Akhirnya, Frederico sudah membaca diarinya dan menutup diarinya. Diarinya menceritakan tentang kehidupan dia di dunia nyata 20 tahun yang lalu, Bagaimana dia mendapatkan teman baru, dan tidak lupa keriduan dia terhadap adik-adiknya.
Ha…hah…." "Jika, Lorezon dan Rebecca tidak berkhianat, maka tidak seperti ini."
"Tapi, yang terjadi ya maka terjadilah." Dia tersenyum "Aku harap ada suatu keajaiban. Ahh…. Siplah! Cukup hari ini." Dia menutup bukunya, dan ternyata adalah buku hariannya.
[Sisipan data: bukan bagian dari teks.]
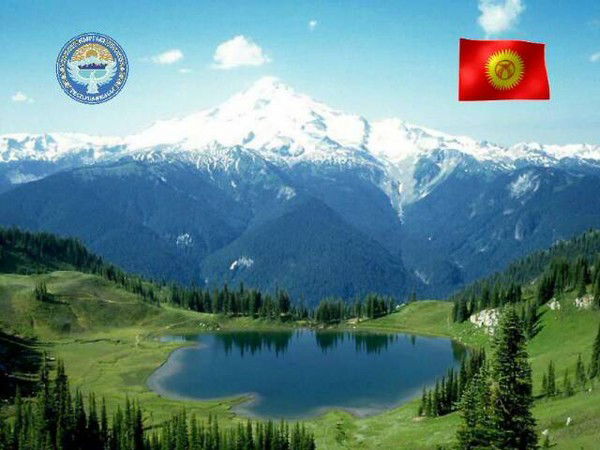 Мурок Артур Кызы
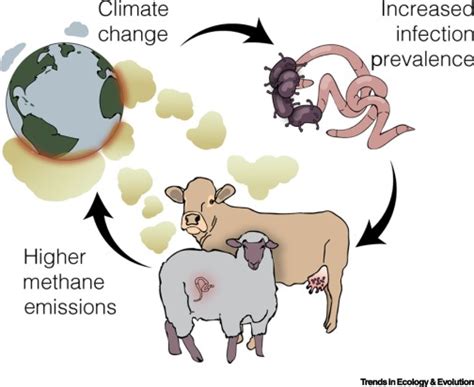 Animal Transmitted Diseases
Akhirnya, Frederico Scarlet menemui dengan temannya yang bertemu 10 tahun yang lalu Himea Utsusemi. Akankah dia akan menepati janjinya kepadanya atau sebaliknya? Itu masih sebuah menjadi pertanyaan. Disaat yang sama, Shanon sudah ada di gerbang utama.
Karena Shanon melihat majikan mau keluar, dia bertanya "Goshujin-sama, anda mau kemana?"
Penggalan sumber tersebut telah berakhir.